その目と自分の視線がかち合った時、周りの喧噪が消えて兄の声だけが聞こえてきた気がした。
――もう諦めモードなのかい? 狂戦士 になったばかりじゃないか。
――でも、ランゴバルト様が強すぎて……。
――せめて試合終了まで頑張りなさいよ。あと二〇分くらいでしょ。
――あと二〇分もなんて、身体が保たないよ……。
――へえ? そんな弱気になっちゃうんだ?
――……だって……。
――もしお前が死んで棺行きになったら、お兄ちゃん寂しくて浮気しちゃうかも。それでもいいの?
――んなっ……!? いいわけないだろ、そんなの!
――じゃあ最後まで頑張りなさい。お前ならできるはずだよ。
――そんなこと言われても……。
――何もランゴバルトを直接倒す必要はないんだ。倒せないなら、別の方法で試合を終わらせるまでだよ。
――えっ……?
――もし生き残ったら、とっておきのご褒美をあげるから、ね?
――え、ちょっ……別の方法で試合を終わらせるってどういう……!
次の瞬間、ざぁっと喧噪が戻ってきた。
我に返るのと同時に頭上から無数の矢が降ってきて、急いでその場を離れる。
「っ……!」
ドドド……と、矢が地面に突き刺さっていくのを横目で確認しつつ、アクセルはボウガンを構えた。次の矢をセットし、引き金に指をかける。

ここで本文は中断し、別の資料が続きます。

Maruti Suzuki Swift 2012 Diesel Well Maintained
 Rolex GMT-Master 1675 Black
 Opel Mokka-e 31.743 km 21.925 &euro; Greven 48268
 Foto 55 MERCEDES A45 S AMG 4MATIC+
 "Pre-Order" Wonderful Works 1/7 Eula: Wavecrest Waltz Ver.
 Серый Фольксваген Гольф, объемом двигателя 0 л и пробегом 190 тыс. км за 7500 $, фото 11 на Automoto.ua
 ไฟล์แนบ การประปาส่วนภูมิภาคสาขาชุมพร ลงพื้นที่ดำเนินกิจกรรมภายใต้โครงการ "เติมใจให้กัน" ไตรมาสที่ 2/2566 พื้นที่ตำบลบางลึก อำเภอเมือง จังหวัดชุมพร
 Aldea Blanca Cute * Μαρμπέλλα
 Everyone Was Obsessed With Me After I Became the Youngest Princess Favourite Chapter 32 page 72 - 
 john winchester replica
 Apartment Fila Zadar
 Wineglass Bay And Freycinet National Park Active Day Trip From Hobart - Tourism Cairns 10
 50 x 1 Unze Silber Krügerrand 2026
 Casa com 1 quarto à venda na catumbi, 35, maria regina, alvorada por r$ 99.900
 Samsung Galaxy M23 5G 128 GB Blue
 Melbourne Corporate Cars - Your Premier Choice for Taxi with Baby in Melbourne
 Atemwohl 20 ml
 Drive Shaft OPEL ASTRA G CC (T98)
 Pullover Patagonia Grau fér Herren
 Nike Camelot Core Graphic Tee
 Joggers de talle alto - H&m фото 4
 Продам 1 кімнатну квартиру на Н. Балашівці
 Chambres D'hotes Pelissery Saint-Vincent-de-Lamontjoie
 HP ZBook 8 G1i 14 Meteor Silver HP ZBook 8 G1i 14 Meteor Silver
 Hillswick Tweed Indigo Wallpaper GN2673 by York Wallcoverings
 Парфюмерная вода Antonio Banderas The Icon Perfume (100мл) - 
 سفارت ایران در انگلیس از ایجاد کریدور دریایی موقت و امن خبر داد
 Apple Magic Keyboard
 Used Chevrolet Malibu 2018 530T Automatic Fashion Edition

――わかったよ……! 何がなんでも試合を終わらせてやる!
ご褒美はともかく、浮気なんて絶対に御免だ。自分がいない間にまたジークとイチャイチャするのかと思うと、腸が煮えくり返る。
「タアァァァッ!」
アクセルは飛んできた矢をジャンプして踏みつけ、そのままの勢いで更に高く跳躍した。そして上からランゴバルトに向けてボウガンを構えた。